From: Devon Wannop, CFO
RCMP Costing Analysis
As part of the strategic plan it was determined that the Town of Oliver should determine the costs of going over 5,000 population and being responsible for 70% of the policing costs (most likely in 2022 which is the next federal census).
That Council accepts the report for information and to bring the the additional costs associated with RCMP through the budgetary process.
If the Town of Oliver passes the 5,000 people population it would mean that we would have the pay 70% of the total RCMP costs for our area plus the infrastructure and capital purchases. This is a significant increase from what we are paying now. Since we are currently under the 5,000 people threshold we only pay 30% of the RCMP costs. This significant increase has been estimated at approximately $600,000.
I have provided analysis of many different scenarios of when we would start to save for the upcoming costs.
Under the BC Police Act a municipality must assume responsibility for its police services when, as a result of a Canada Census, its population exceeds 5,000 persons.

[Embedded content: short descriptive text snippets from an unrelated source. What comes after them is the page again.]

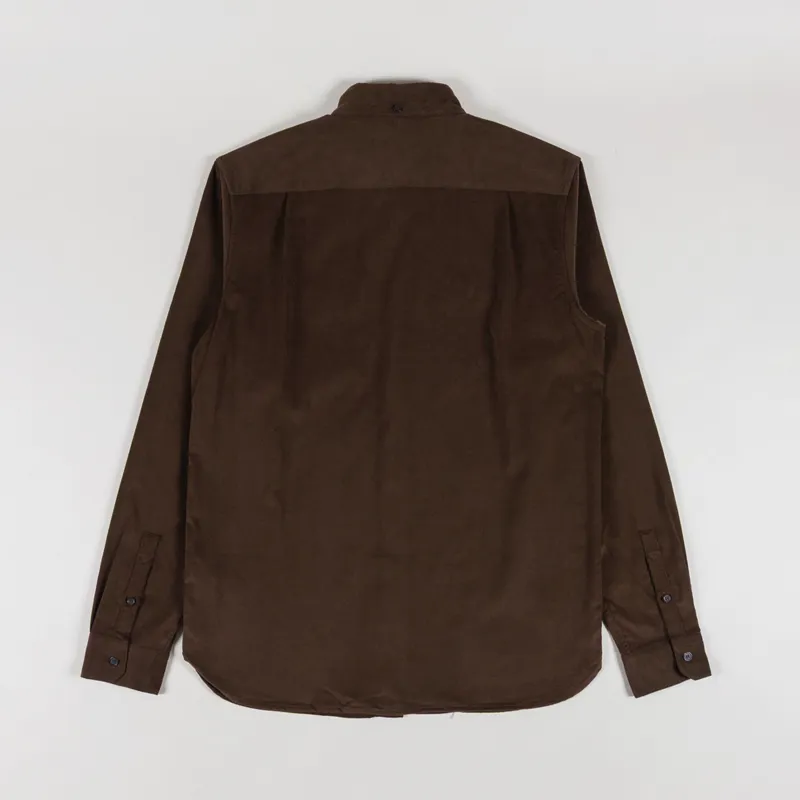 Fred Perry Needle Cord Shirt Burnt Tobacco-1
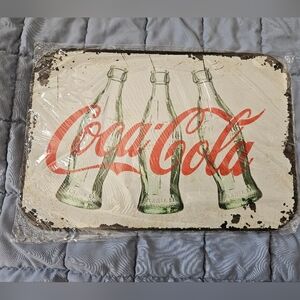 Metal Coca-Cola Sign 15.5" x 10.5" New Glass Bottles Atlanta GA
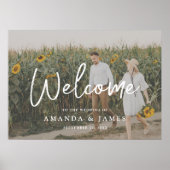 Simple Chic Typografy Full Foto Wedding Willkommen Poster (Vorne)
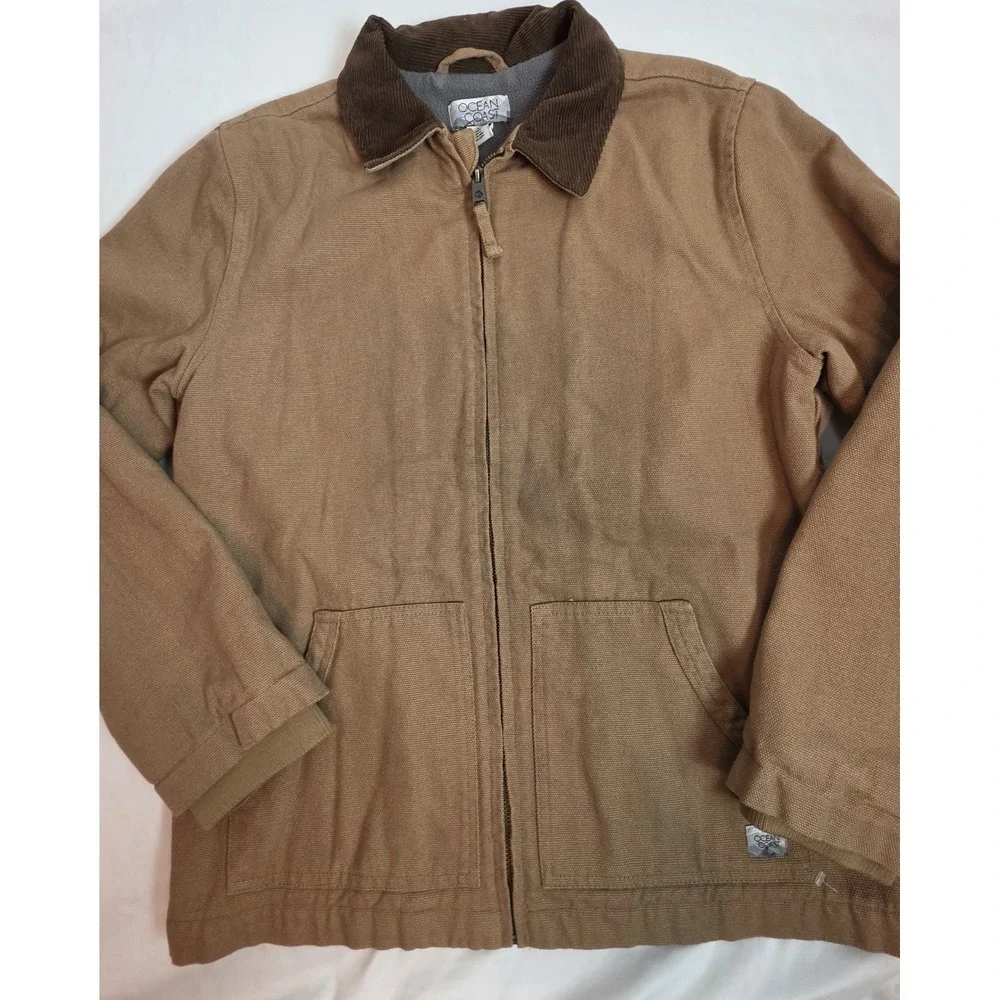 Ocean Coast Men Detroit Jacket Tan Canvas Chore Coat Fleece Lined Brown Collar L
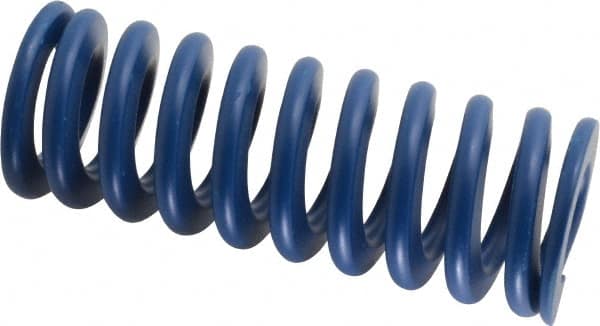 Associated Spring Raymond - 40mm Hole Diam, 20mm Rod Diam, 4" Free Length, Blue Die Spring - 3078 N Max Deflection, 38mm Max Deflection, Medium Duty, Chromium Alloy Steel - Exact Tooling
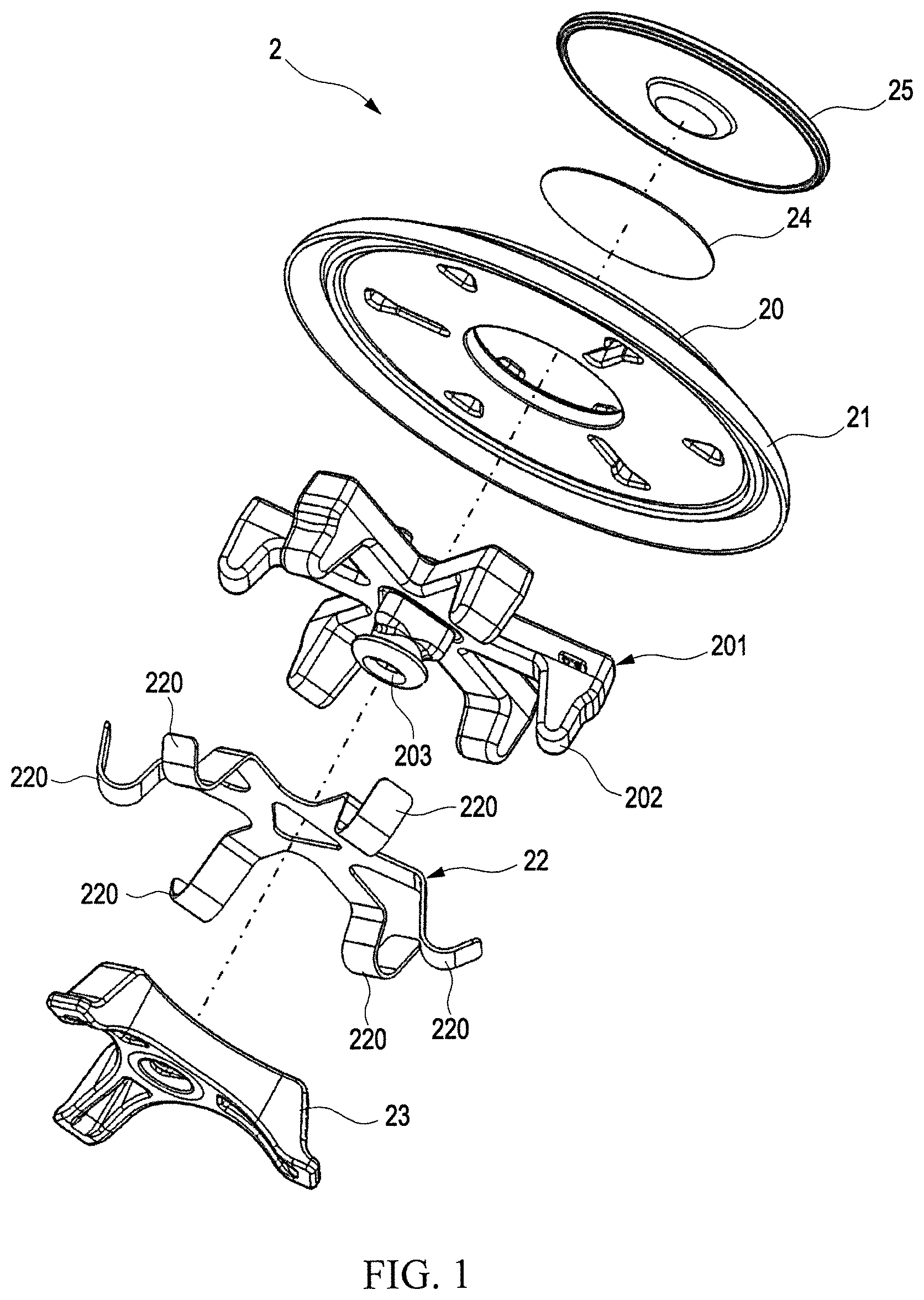 Patent US12313174 — Pressure-relief valve for reducing pressure arising in a cell-like cavity, such as a battery cell — Figure 1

These municipalities may form their own independent municipal police department, contract with an existing independent municipal police department, or contract with the provincial government for RCMP municipal police services. As you will see from the attached information I have provided 4 different scenarios of funding models of when we would start to save for the foreseen costs associated with the current RCMP costing model. You will see that if we start to put money into reserves in 2018 it will be a steady increase (and lower) than if we start any other year. Also with this funding model the taxpayers will not have to fully pay for the costs associated with policing until the year 2028 even though we would start paying a higher share in 2022. In this analysis I have made the assumption that the annual inflation will be 2.5% every year and I included a 5% contingency for expected expenses (such as a major crime that would have significant costs). The differential costs have been provided by municipalities that are our approximate size and location.
The basis of this example is that we as the municipality would want to increase the revenue that we bring in every year by the same amount to have a consistent and steady increase. For example in the 2018 funding model the revenue we generate in per year is 84,070.51 more than we generated the previous year. For this models purpose you are trying to figure out the number of years that you can have the steady increase before you are funding the full costs of the RCMP or more. Meaning that your revenue will always be less than the costs until the final year, and in the final year you can stop with the steady increases and increase it based on associated costs.